10 Responses to “How to learn Morse code in GNU/Linux”

  1. Kelly Martin Says:

    You really should use a Koch method trainer for this; listening to random character sequences isn’t a good way to learn Morse. I think there’s one somewhere that run in Linux.

    And you really should be beaten about the head and shoulders for suggesting sudo like that.

  2. Kelly Martin Says:

    Here’s a Koch trainer for Linux:

  3. Cyde Weys Says:

    Try it without sudo then.

  4. T2A` Says:

    Learning Morse can be helpful if you’re ever kidnapped and video taped (provided they don’t kill you on camera).
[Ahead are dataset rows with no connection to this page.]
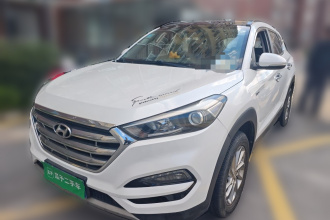 现代 途胜 2015款 1.6T 双离合两驱智能型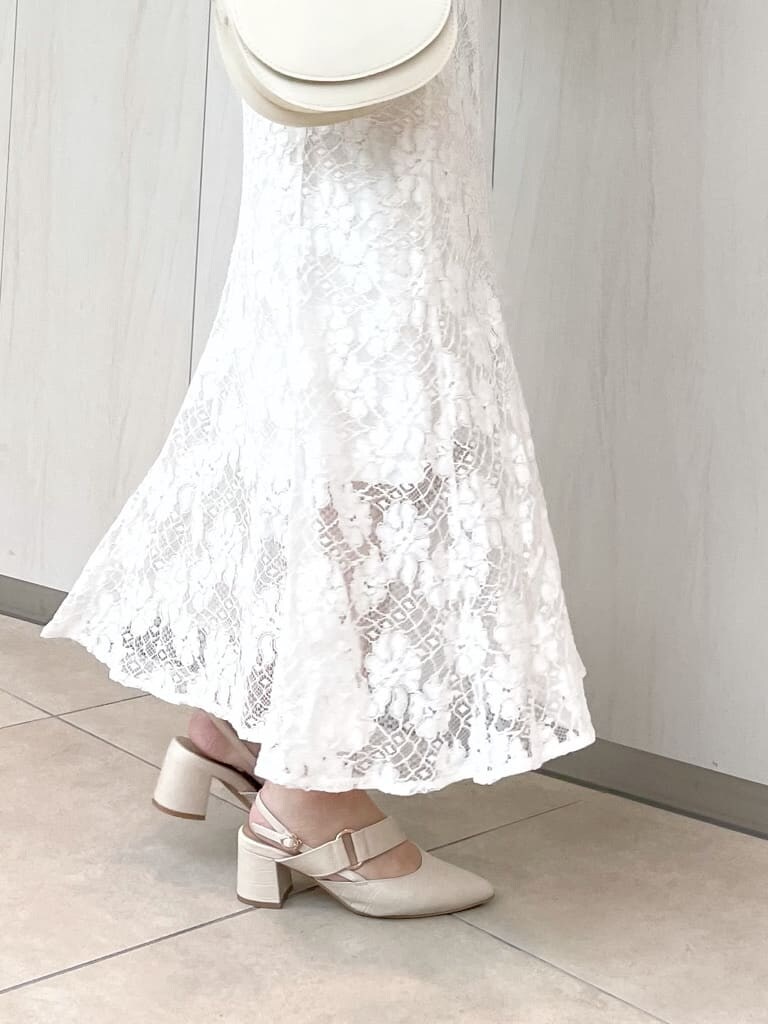 ホワイト系のスカート、グリーン系のニット/セーター、ベージュ系のショルダーバッグを着用したレディースの夏コーディネートの5枚目の写真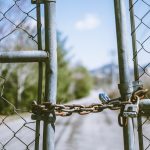 Adolescente que matou família ficará 3 anos na Fundação Casa. (Foto Pexels)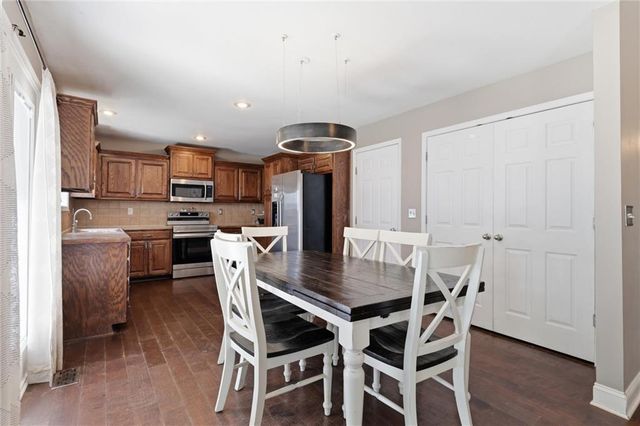 20903 W 224th Street, Spring Hill, KS 66083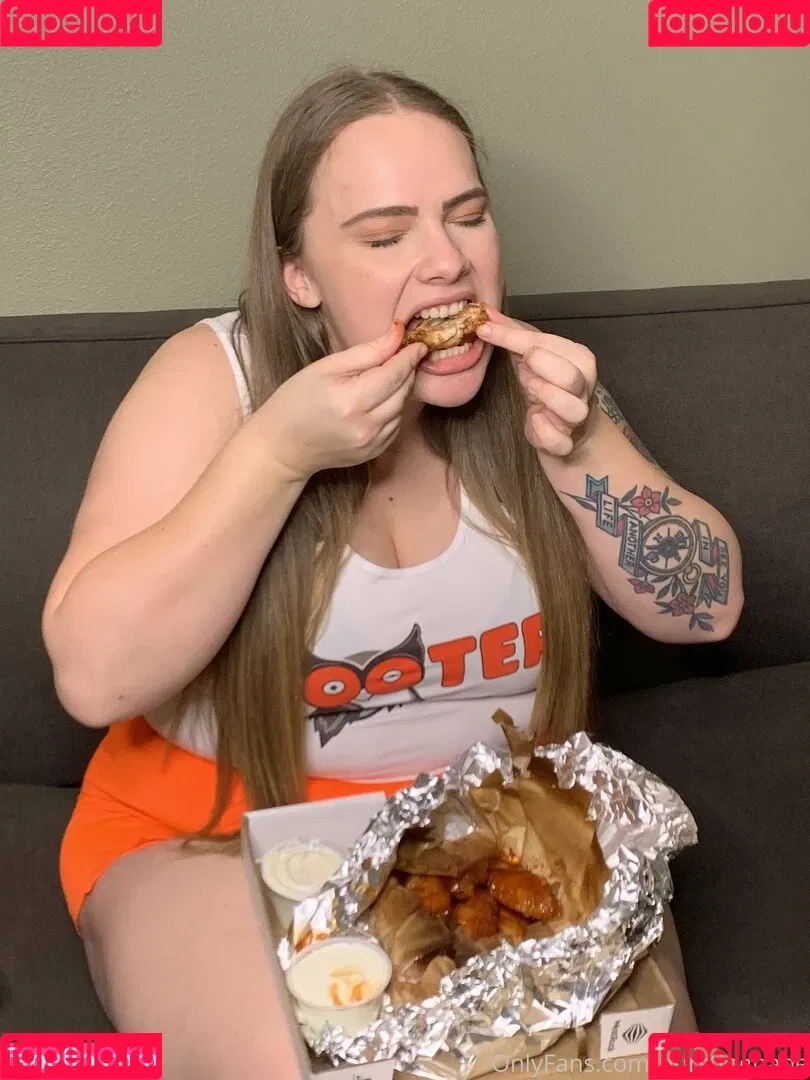 burstingbabe Onlyfans Photo Gallery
You can blink your location in Morse so someone might save you!

  5. Cyde Weys Says:

    I think the captors might notice you blinking like someone having an epileptic fit, especially since they have it on videotape.

    Funny thing is, I do remember that being used as a plot point in a Tom Swift or Hardy Boys novel (funny how those two blend together in my memory) from waaaaay back when I was still reading those things, and it didn’t make any sense to me then either.

  6. Kelly Martin Says:

    Neal Stephenson fans will recall Randy Waterhouse’s clever use of Morse code as a nonobvious communication channel.

  7. jim smith Says:

    send something back

  8. Calum Says:

    Shame that on my laptop, the bleeping is stupidly loud, and the -v doesn’t seem to work.

    Bah. -.-. –.- -.. -..-

  9. N8SRE Says:

    Bit late on this one, I know, but if the audio is too loud or too soft, play around with alsamixer (or the graphical equivalent) and look for a volume slider with a name like “Beep” or “PC Speaker.” You might have to go into a preferences menu and enable the slider first, on some mixers.

  10. pr3nt1c3 Says:

    I found out about morse from….. however I can’t get it to integrate with my sound card / alsa. I’ve done everything I can, but no luck. Has anyone had experience getting morse to work with bash, ubuntu and alsa… and if so, what (if any) settings / config files did you change?